With Halloween upon us, we think of ghosts and goblins, haunted house tours, caramel apples, hot apple cider and the tons of Halloween candy we’ll be passing out to trick-or-treaters.
The last couple of weeks, there have been dozens of scary movies on TV, including the usual ghost-story shows of hauntings and paranormal activity — which brings to mind a ghost story that happened to me in my late teens.
It was several years ago in early spring when I was awakened around 2 a.m. by a pounding that seemed to emanate from somewhere outside of the house.
My room was over the garage in my parents’ home, so I thought perhaps it was echoing from the floor below. It sounded like someone was hitting the side of the house or side garage door with a baseball bat, yet it seemed muffled, like a heartbeat. It reminded me of an early 1960s movie about a haunted mansion in New England.
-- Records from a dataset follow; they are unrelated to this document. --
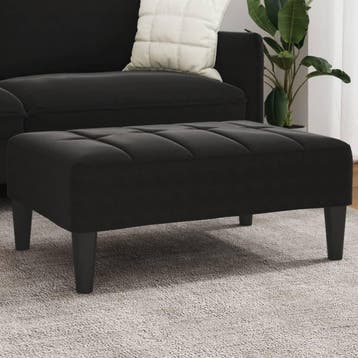 vidaXL Voetenbank 77x55x31 cm fluweel zwart, Verzenden, Nieuw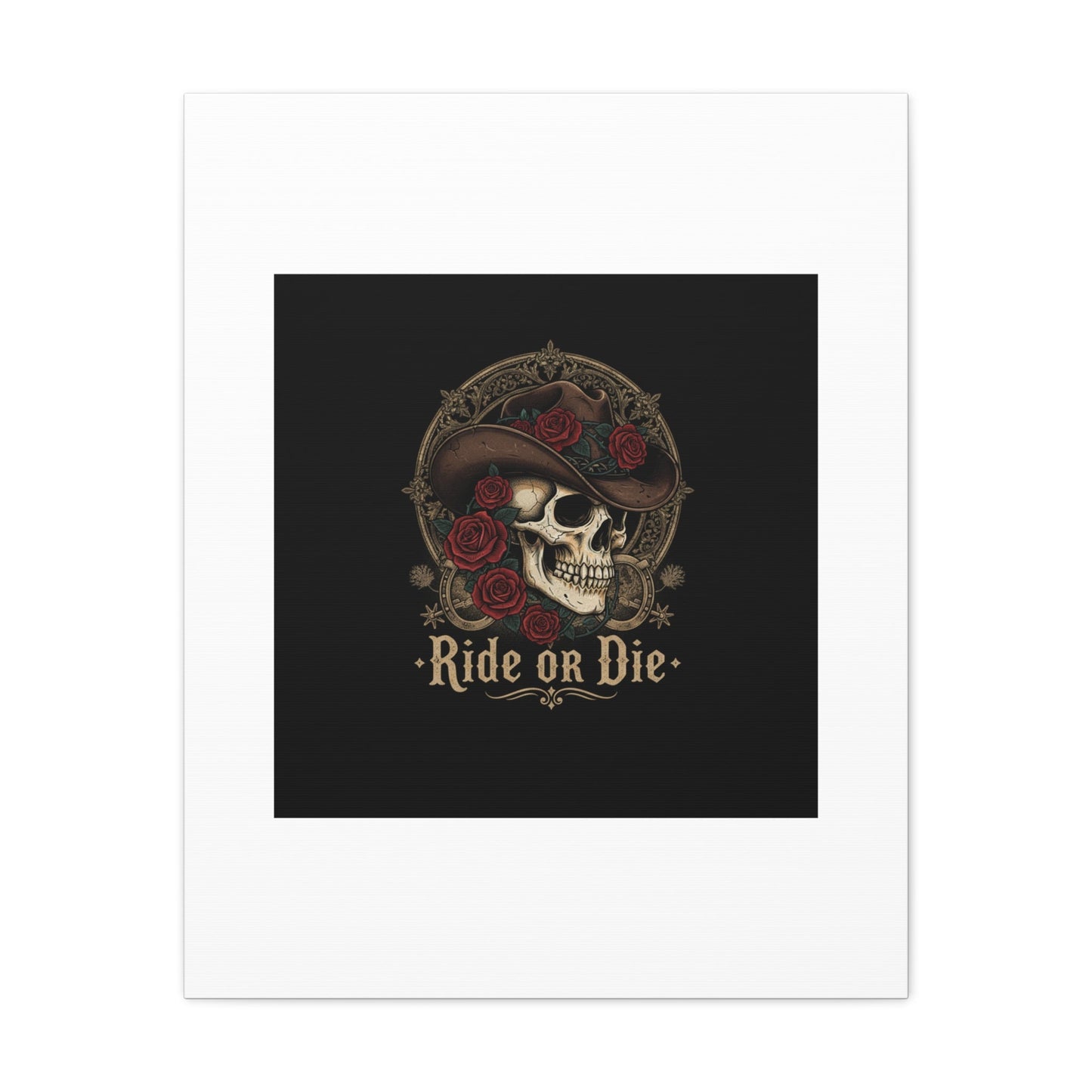 Ride or Die Skull Canvas | Western Skull Art, Gothic Americana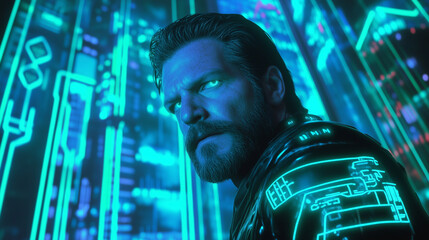 Digitized Dystopia - 'Tron' Reimagined with Photorealistic Neon Brilliance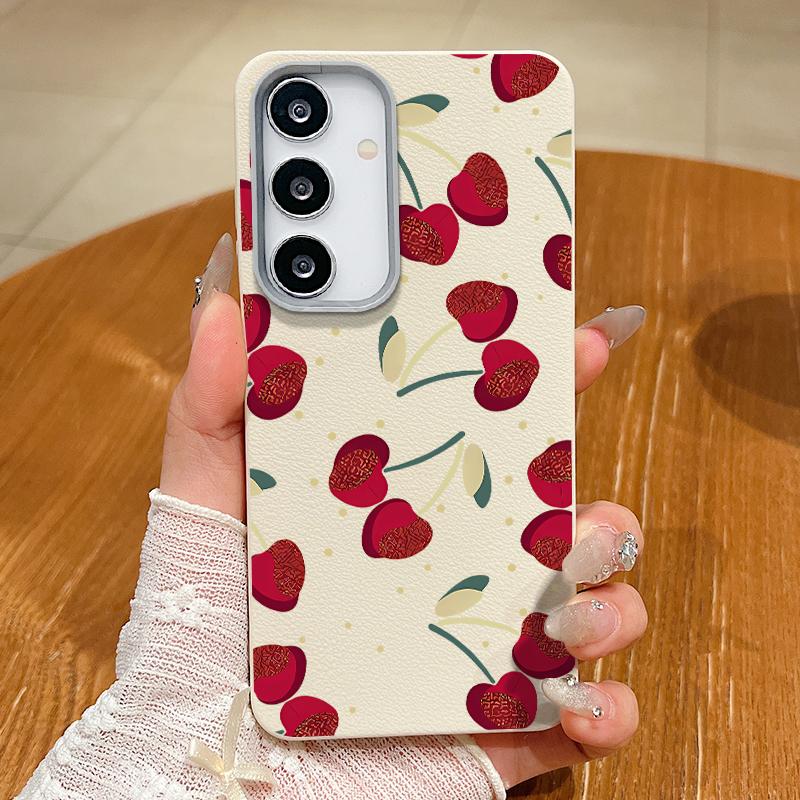 Cute Cherry Pattern TPU Leather Texture Slim Magnetic Case For Samsung S25 Ultra S24 FE S23 S22 S21 Wireless Charge Matte Shockproof Soft Phone Cover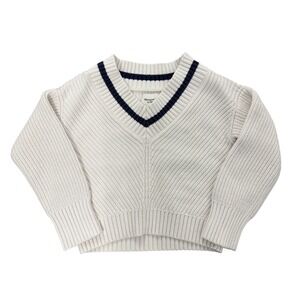 Abercrombie Fitch Womens Cream Navy Stripe V Neck Thick Knit Sweater Size Small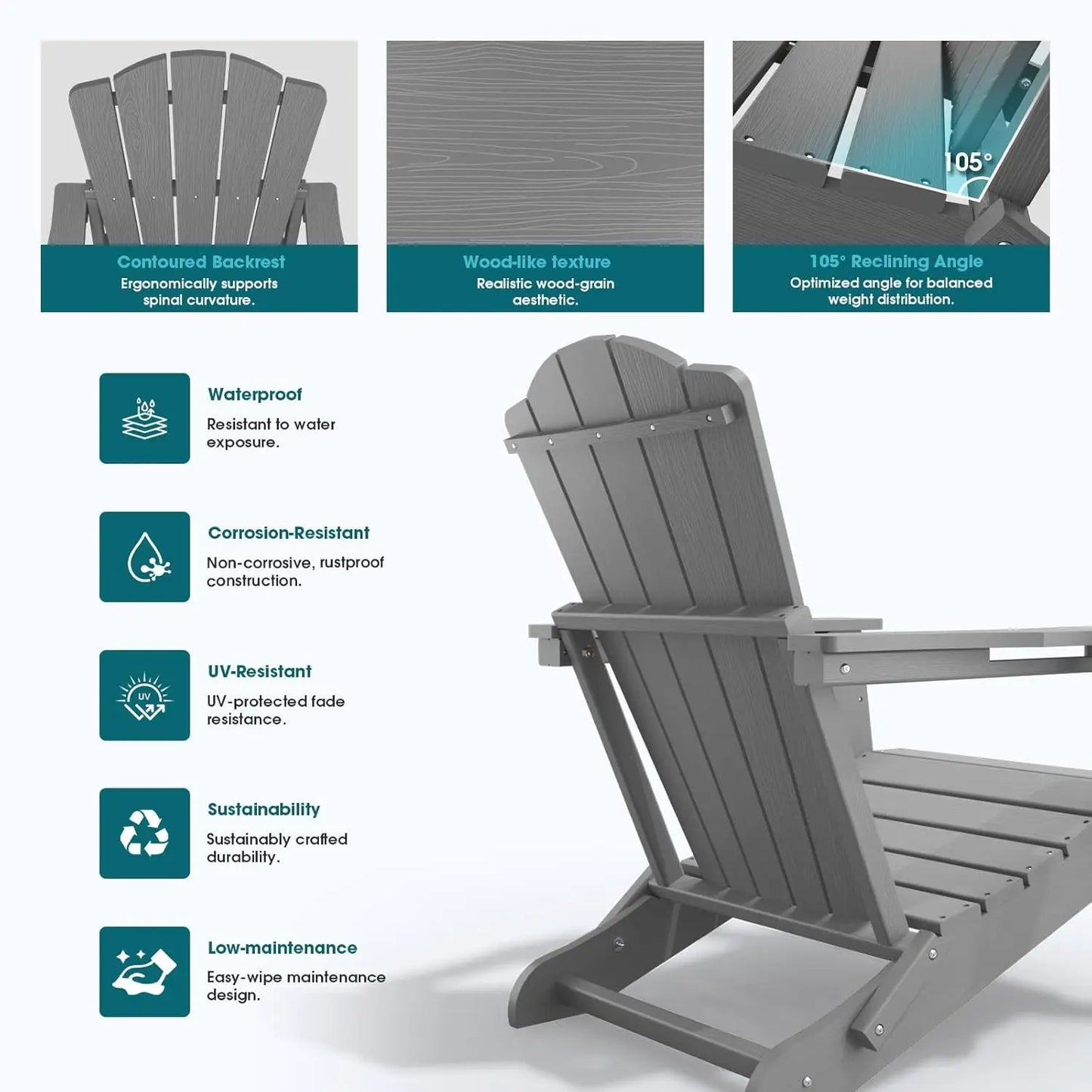 Folding Adirondack Chair Set of 2,HDPE All-Weather Outdoor Chair with Cup Holder,Wooden Textured,Fire Pit, Customized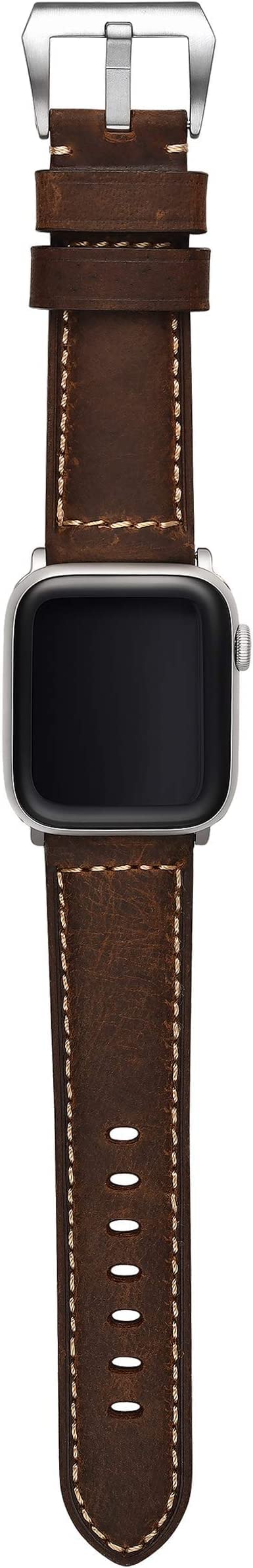 Bullstrap Men's Full-Grain Italian Leather Watch Band for Apple Watch Series - Premium Silver Hardware - Durable & Stylish Replacement Strap for Work, Travel & Everyday Wear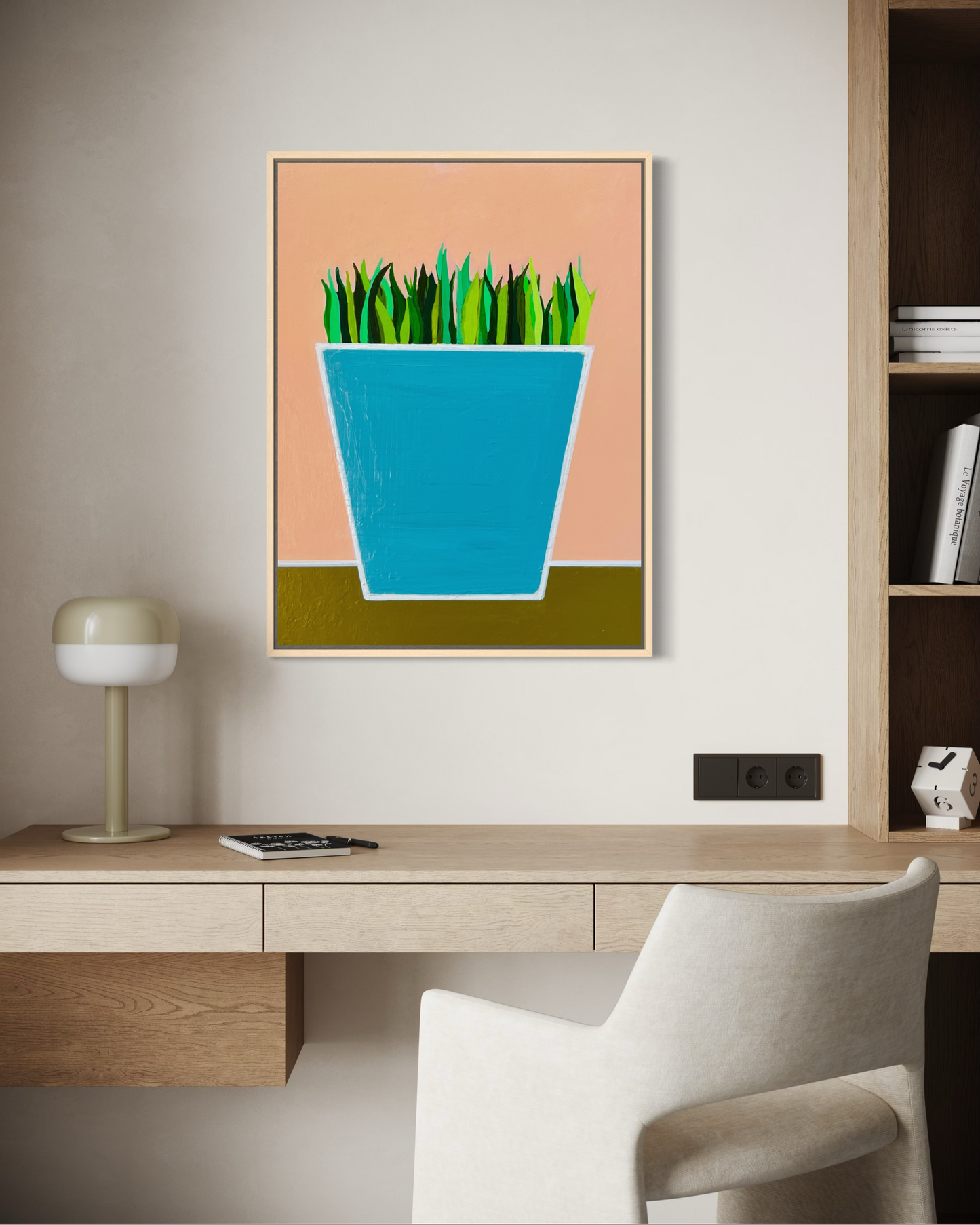Wheatgrass (Wheatgrass in Blue Pot- Original Painting)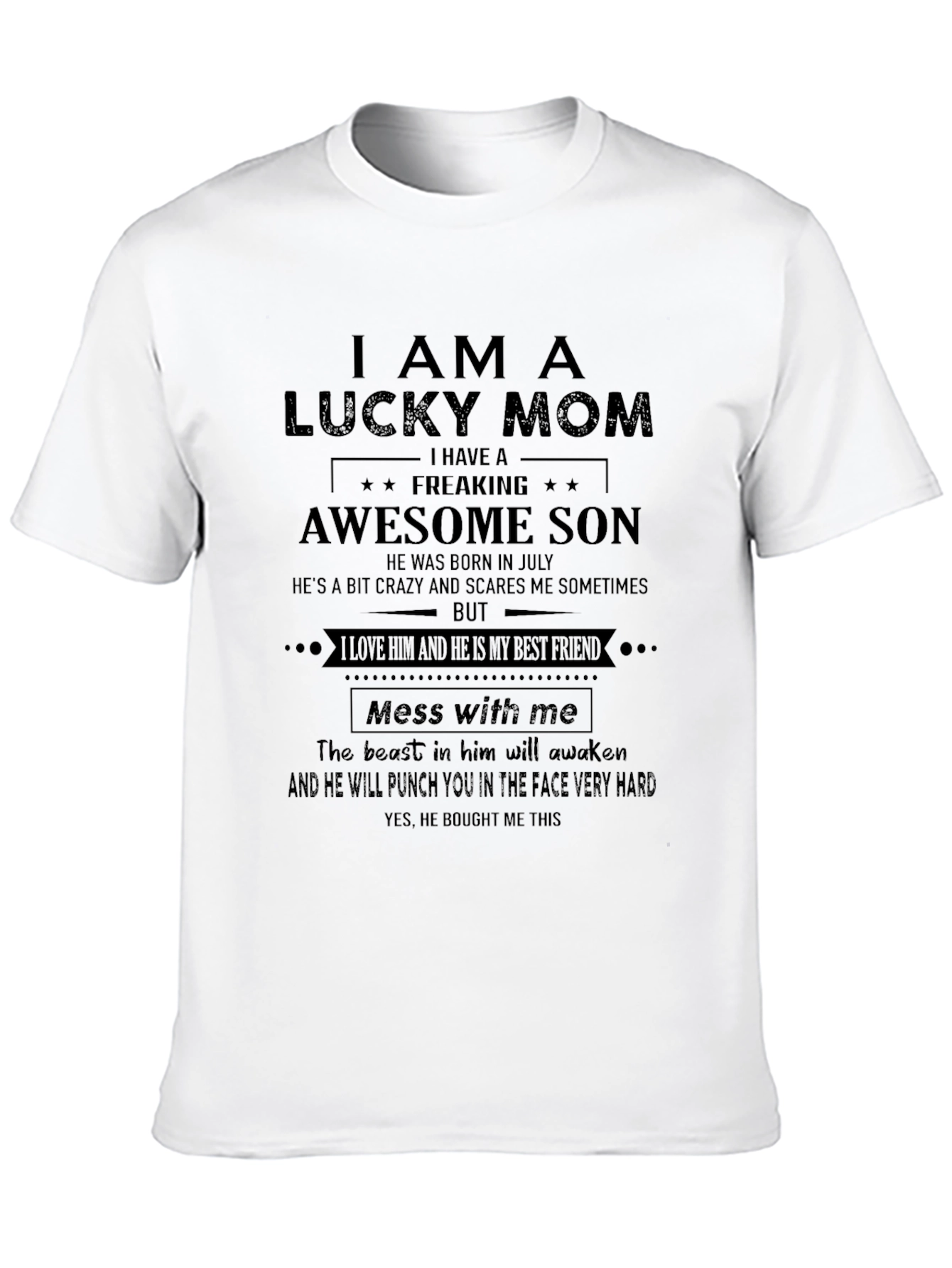 Black Lucky Mom Awesome Son Graphic Tee - July Birthday view 10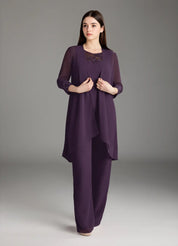 Augday Maura Mother of the Bride Dresses Jumpsuit Pantsuit Sequins Chiffon Dress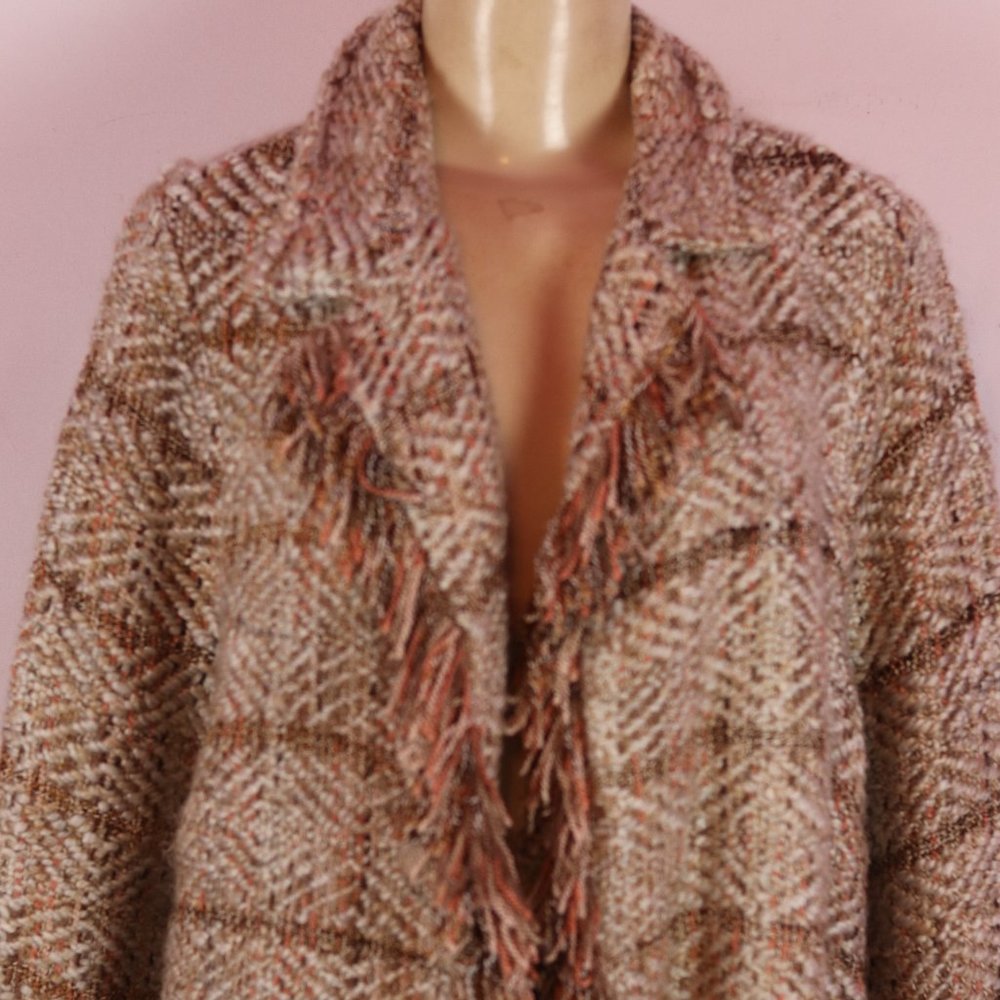 Chicos Beige Multi Color Open Front Cardigan Med - image 3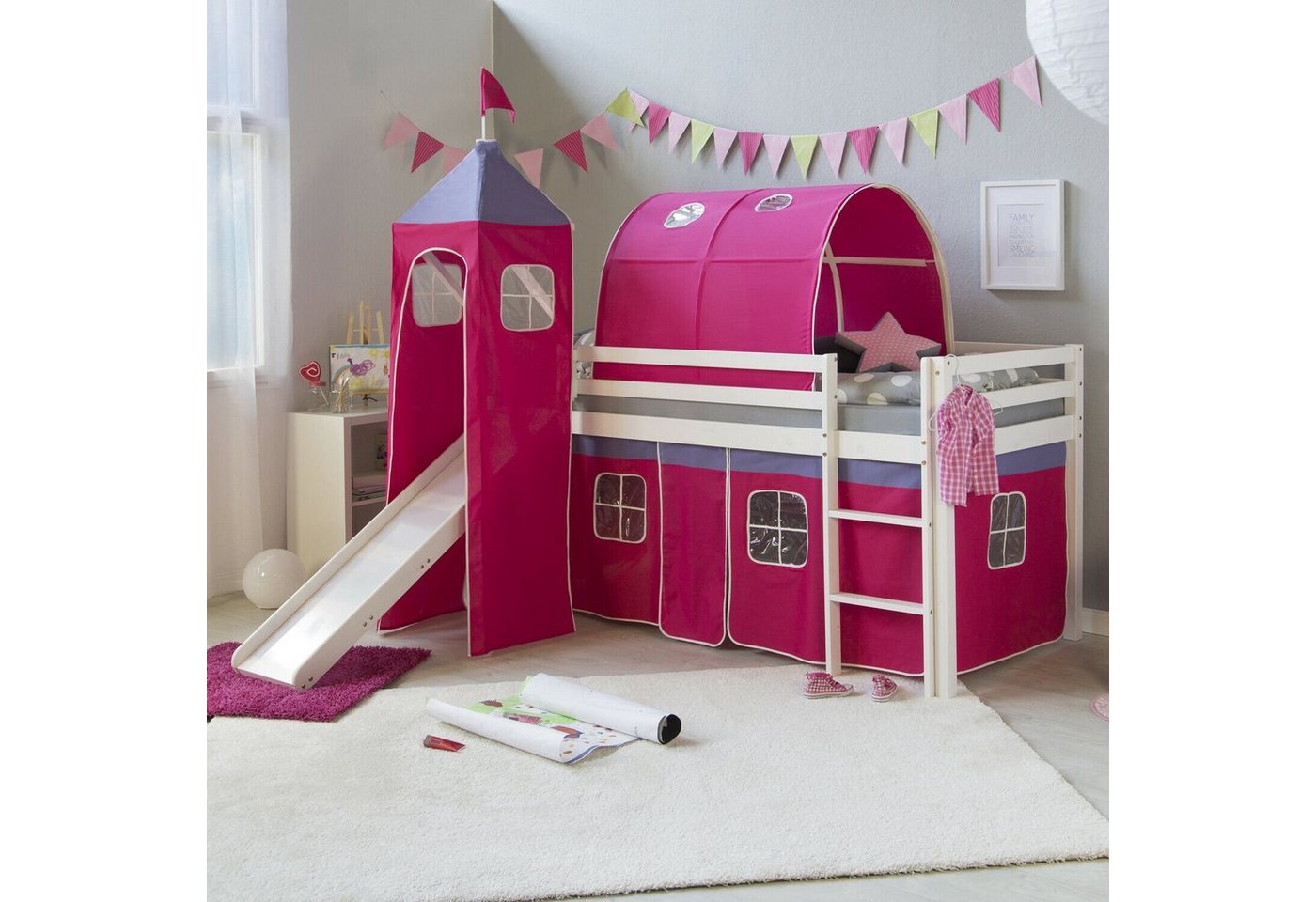 Homestyle4u Hochbett Kinderbett mit Matratze Rutsche Turm Pink Tunnel 90x200 cm von Homestyle4u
I lay there in the dark listening and trying to figure out what it could be. I could feel my own heart beating hard and harder. Suddenly, my mother opened my bedroom door and asked me if I heard the pounding, too. I looked at her and managed to nod. By this time, I was sitting on the edge of the bed shaking with fear. The two of us looked wide-eyed at each other as we listened to the pounding until it gradually grew softer and then stopped.
Mom thought it could have been my brother banging on the door, as he sometimes forgot his key. So she went downstairs to check the front door. She even opened the door only to hear the wind blowing with no sign of my brother. Mom re-locked the door, then went to the back and side doors to check if they were secure, but all were locked tight.
The next morning, we talked about what we had heard. To Mom it sounded like someone was pounding on the front door. To me, it sounded like the pounding came from the side of the house.
What was even stranger was my mother had to step over our Springer spaniel, who was sleeping in the upstairs hall. If it had actually been my brother, or anyone else for that matter, our dog would have awakened immediately and barked.
A week later, my grandmother (my mother’s mom) passed away. Had we been warned of her impending death? One could only guess.
Months later, my mom was telling her brother about what happened. He also had a similar experience just before my grandma died, around the same time. Only he heard a loud pounding on his back door. What made him think it was something other than a prankster or one of his boys coming home late was that his boys were all home and sound asleep.
He, too, had to step over his sleeping Irish setter that was sleeping at the bottom of the stairs as he went to check the back door.